2) What is the highest pulse energy available (number of photons in the pulse) and how does it vary with photon energy and pulse length?
Answer : (9/25/13)
Typically the pulse energy is about 2 - 3 mJ, but operators, if given time (1-2 hrs), can frequently exceed this. Of course the number of photons in the pulse depends on the photon wavelength (energy). At 8.3 keV the highest number of photons in the pulse has been about 2E12, whereas at 830 eV the highest number of photons in the pulse is about 2E13. A linked plot ( figure ) shows number of photons vs photon energy from 250eV to 10keV and a second plot ( figure ) shows FEL energy in mJ vs photon energy.

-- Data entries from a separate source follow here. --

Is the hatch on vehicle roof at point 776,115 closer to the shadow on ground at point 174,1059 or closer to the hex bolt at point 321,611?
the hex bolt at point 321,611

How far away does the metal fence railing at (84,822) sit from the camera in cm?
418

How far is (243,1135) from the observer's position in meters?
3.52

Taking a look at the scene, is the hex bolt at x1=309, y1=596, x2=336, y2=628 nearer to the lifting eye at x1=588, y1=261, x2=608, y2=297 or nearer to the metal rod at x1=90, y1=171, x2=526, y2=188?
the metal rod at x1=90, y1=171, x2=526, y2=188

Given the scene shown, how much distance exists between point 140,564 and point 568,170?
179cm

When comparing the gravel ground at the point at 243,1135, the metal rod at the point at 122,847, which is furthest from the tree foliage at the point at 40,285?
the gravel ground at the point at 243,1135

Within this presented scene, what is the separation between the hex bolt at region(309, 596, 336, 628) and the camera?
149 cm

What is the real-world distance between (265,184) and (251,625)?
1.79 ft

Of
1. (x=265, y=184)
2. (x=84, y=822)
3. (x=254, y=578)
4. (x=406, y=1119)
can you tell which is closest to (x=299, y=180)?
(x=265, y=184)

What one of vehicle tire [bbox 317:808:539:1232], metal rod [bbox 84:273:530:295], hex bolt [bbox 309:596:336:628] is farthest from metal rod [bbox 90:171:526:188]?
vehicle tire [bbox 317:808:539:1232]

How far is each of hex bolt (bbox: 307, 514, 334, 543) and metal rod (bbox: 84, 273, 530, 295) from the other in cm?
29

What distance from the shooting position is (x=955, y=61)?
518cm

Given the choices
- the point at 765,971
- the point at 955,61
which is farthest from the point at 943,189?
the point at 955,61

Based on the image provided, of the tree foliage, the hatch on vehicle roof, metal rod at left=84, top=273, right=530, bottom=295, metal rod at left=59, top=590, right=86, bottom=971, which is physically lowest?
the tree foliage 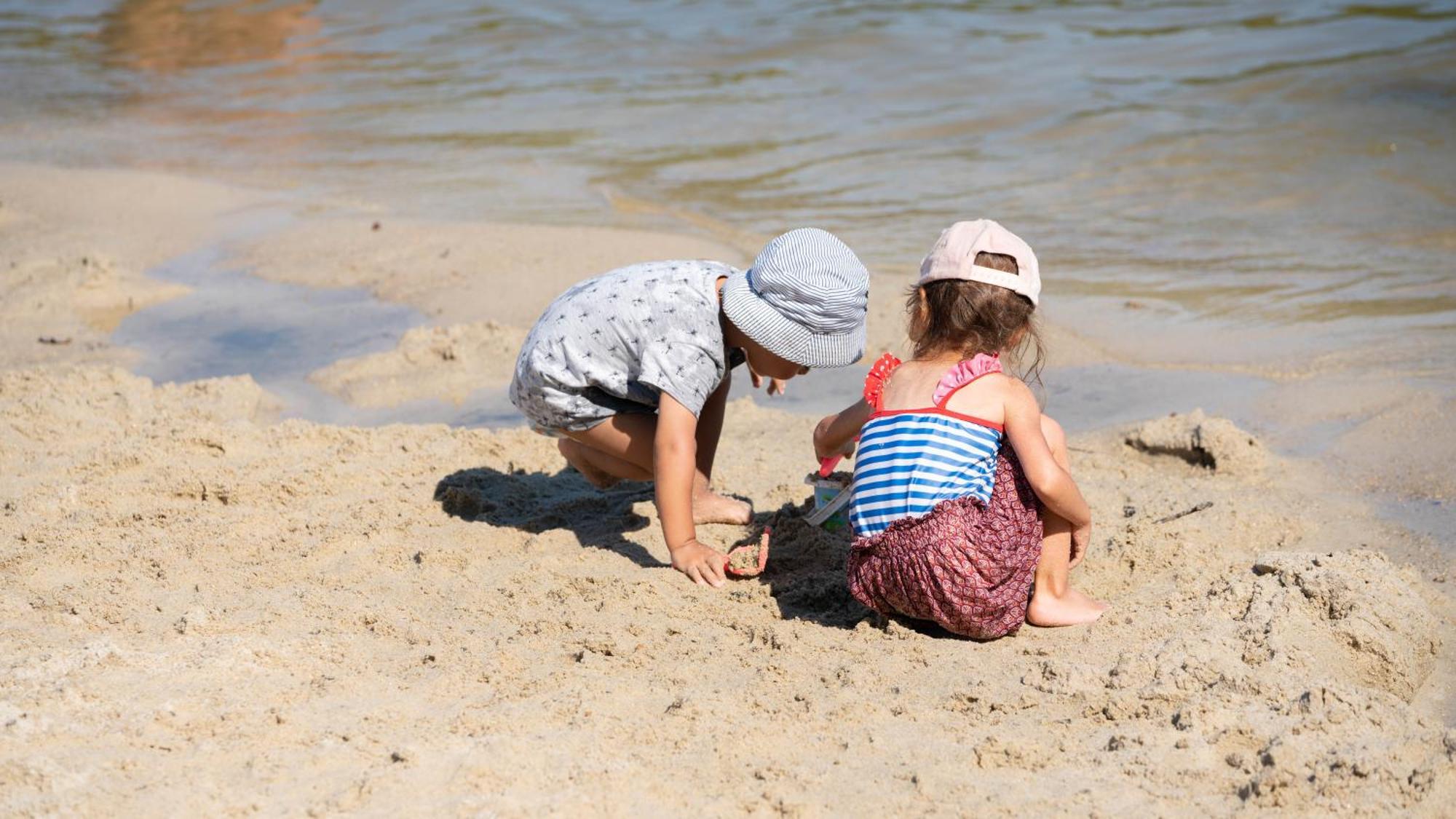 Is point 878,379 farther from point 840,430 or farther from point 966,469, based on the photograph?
point 966,469

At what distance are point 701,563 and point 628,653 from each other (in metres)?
0.43

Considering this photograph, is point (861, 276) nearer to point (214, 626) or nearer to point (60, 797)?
point (214, 626)

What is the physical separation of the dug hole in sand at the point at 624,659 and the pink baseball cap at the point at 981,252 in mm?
732

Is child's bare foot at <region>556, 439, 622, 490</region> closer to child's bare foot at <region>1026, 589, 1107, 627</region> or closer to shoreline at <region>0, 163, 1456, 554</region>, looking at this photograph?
shoreline at <region>0, 163, 1456, 554</region>

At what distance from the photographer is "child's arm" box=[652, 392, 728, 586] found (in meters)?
2.96

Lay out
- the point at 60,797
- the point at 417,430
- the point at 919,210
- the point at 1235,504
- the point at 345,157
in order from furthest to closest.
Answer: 1. the point at 345,157
2. the point at 919,210
3. the point at 417,430
4. the point at 1235,504
5. the point at 60,797

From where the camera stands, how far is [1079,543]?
274cm

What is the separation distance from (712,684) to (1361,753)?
3.65 ft

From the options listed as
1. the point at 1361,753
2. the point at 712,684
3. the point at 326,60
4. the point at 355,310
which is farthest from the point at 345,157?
the point at 1361,753

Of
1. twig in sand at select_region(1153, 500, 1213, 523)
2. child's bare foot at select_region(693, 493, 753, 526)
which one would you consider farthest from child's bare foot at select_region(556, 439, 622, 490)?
twig in sand at select_region(1153, 500, 1213, 523)

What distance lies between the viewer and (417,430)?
4.03 metres

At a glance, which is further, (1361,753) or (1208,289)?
(1208,289)

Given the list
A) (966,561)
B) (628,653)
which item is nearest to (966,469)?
(966,561)

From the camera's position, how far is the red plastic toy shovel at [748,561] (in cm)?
292
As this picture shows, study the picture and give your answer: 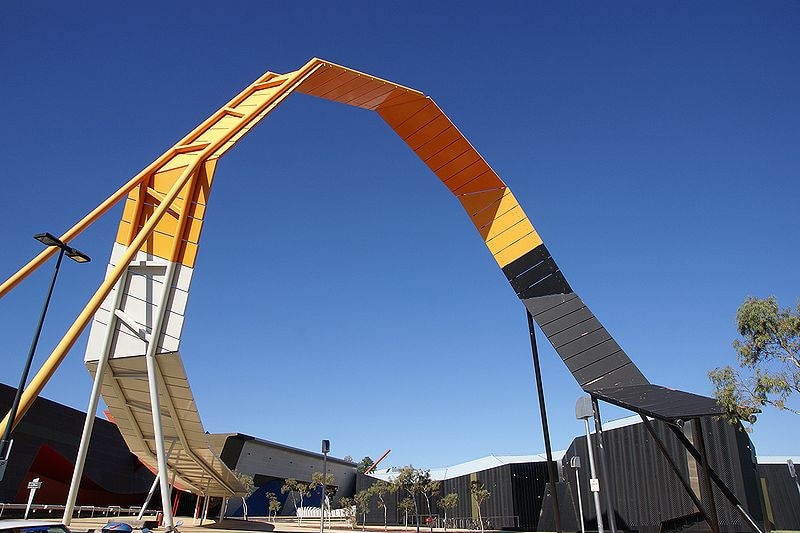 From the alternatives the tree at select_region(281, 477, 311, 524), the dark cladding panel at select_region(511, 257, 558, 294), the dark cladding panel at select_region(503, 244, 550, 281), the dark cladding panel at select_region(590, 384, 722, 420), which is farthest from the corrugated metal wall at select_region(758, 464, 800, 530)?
the tree at select_region(281, 477, 311, 524)

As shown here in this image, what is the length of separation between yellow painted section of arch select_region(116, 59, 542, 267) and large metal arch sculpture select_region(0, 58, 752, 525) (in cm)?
4

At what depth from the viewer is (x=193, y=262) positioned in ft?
56.7

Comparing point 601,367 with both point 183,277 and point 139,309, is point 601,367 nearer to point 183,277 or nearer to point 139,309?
point 183,277

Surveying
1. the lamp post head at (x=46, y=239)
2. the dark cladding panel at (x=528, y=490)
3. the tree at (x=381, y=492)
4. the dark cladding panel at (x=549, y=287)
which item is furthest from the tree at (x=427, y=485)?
the lamp post head at (x=46, y=239)

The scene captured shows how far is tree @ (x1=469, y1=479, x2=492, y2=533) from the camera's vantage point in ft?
170

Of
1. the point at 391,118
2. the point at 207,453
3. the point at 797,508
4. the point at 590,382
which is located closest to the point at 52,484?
the point at 207,453

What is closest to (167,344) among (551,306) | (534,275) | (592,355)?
(551,306)

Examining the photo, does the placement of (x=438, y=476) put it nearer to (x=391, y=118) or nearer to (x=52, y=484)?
(x=52, y=484)

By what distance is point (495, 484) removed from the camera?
174 ft

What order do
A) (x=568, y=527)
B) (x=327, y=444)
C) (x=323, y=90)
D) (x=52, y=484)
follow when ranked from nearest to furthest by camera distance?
(x=323, y=90)
(x=327, y=444)
(x=568, y=527)
(x=52, y=484)

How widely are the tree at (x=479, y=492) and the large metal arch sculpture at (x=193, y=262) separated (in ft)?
117

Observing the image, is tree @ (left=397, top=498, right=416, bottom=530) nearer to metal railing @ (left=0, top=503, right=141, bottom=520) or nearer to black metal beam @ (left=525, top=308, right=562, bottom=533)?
metal railing @ (left=0, top=503, right=141, bottom=520)

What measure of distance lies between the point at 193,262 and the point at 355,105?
8166 millimetres

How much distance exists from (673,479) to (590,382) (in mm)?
22427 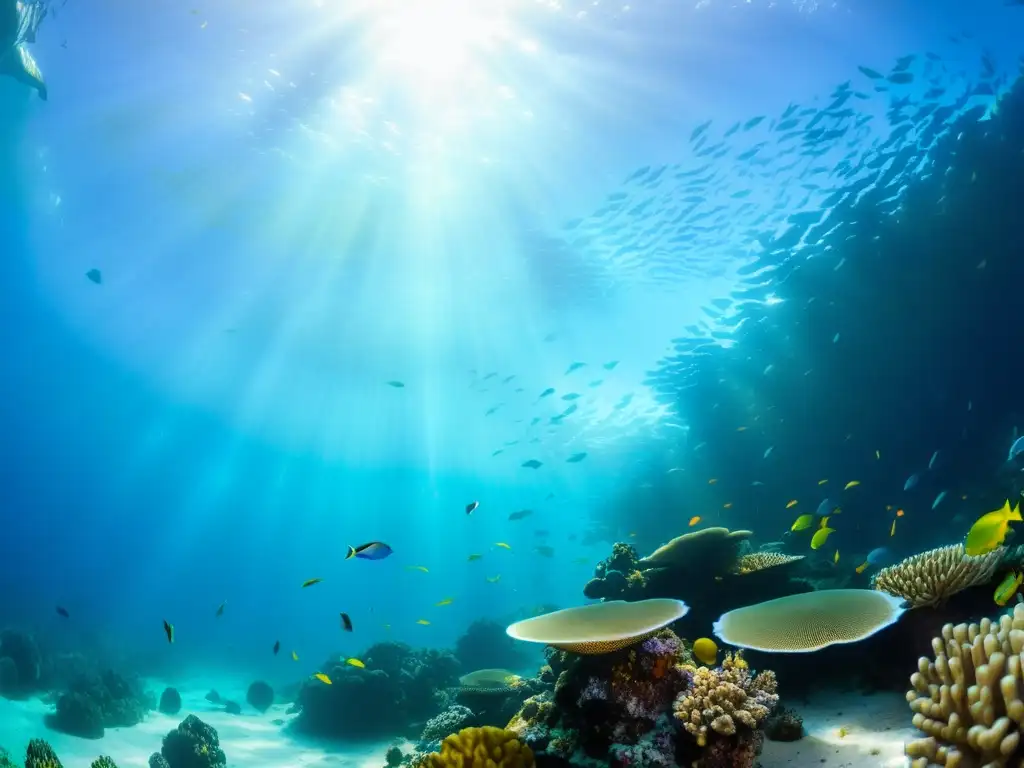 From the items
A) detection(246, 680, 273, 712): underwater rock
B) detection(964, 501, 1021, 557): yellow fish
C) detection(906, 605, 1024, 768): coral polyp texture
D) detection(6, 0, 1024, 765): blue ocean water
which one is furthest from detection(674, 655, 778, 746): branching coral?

If the electron bunch is further compressed in length (generating a shorter x-ray pulse), the number of photons in the x-ray pulse is reduced since the pulse is shorter. However, the increased peak current of the electron beam in the undulator makes a more efficient FEL (up to a limit) and therefore the number of photons in the pulse does not drop as fast as a simple pulse-length scaling might suggest. In fact, the peak x-ray power tends to rise as the electron bunch is further compressed, although not without limit. A linked plot (figure) shows the photon pulse energy and the photon peak power as the electron peak current is increased. Another plot shows the pulse energy vs electron peak current from May to August, 2010 (FEL vs photonEngy and bunch length).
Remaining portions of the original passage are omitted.